THANK YOU FOR SUBSCRIBING
Organizations only pay for the capacity they use with HPC in the cloud, and there's no risk of on-premises infrastructure becoming obsolete or underutilized. Also, cloud-based services allow unrestricted innovation by providing quick results and greater flexibility.
Fremont CA: Cloud computing facilitates High Performance Computing (HPC) by putting powerful computational potentials in the hands of more researchers, engineers, and organizations who may not have access to adequate on-premises infrastructure. The flexibility and scalability of the cloud provide virtually unlimited capacity, reducing wait times and job queues. In addition, it's simple to expand and update workflows, such as merging Artificial Intelligence (AI) with HPC, thanks to access to new and evolving services and applications.
Here are four challenges facing HPC in the cloud:
Cost and Cost Management
The cost of running HPC in the cloud is a significant concern for many organizations. When looking at the expense of cloud-based HPC systems, companies should keep in mind that a simple TCO analysis does not always tell the whole story. Demand for on-premises HPC resources frequently exceeds capacity, and lost productivity due to an overburdened system has far-reaching consequences for businesses that place a premium on the speed of innovation. Moving HPC workloads to the cloud also eliminates the need for three to five-year technology and infrastructure refresh cycles, ensuring that innovation keeps moving forward.
Data Security and Data Governance
Cloud security concerns are common. Many industries that rely heavily on HPC have stringent security requirements, and cloud-based HPC solutions face this challenge. While some see on-premises HPC as having security and privacy advantages, they overlook risk management issues such as aging infrastructure, which raises the security costs of maintaining compliance and the high costs of regulatory compliance and certifications that are frequently required for on-premises solutions.
Transferring data and HPC to the cloud increases productivity by freeing precious financial and human resources while also lowering company risks by keeping data in a more resilient and secure environment. Furthermore, cloud-based HPC enables clients to mine all of the data accessible from HPC simulations using AI, machine learning, and deep learning, reducing the number of simulations necessary and resulting in cheaper and faster HPC workload execution. Improved performance in the cloud can give higher ROI because newer, cloud-native HPC programs were built to perform better on cloud-based elastic infrastructure.
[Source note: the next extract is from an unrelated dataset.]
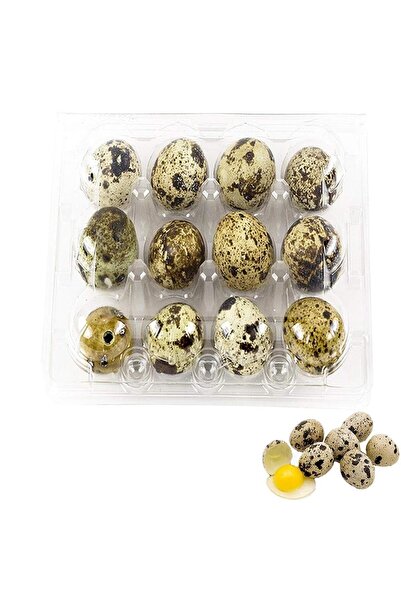 sude hayvancılık BILDIRCIN YUMURTASI beyaz UKRAYNA 5PAKETx12=60adet kuluçkalık YUMURTASI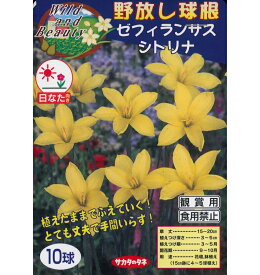 春植え球根　野放し球根　ゼフィランサス　シトリナ　10球入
Excellent-performance computing (HPC) users want high performance, yet many still believe the cloud can't compete with on-premises data centers. However, the notion that the networking speed between cloud compute nodes is insufficient for good performance is outmoded. Recent advances have improved cloud networking and reduced latency to the point that all but the most resource-intensive HPC applications perform better in the cloud as on-premises infrastructure.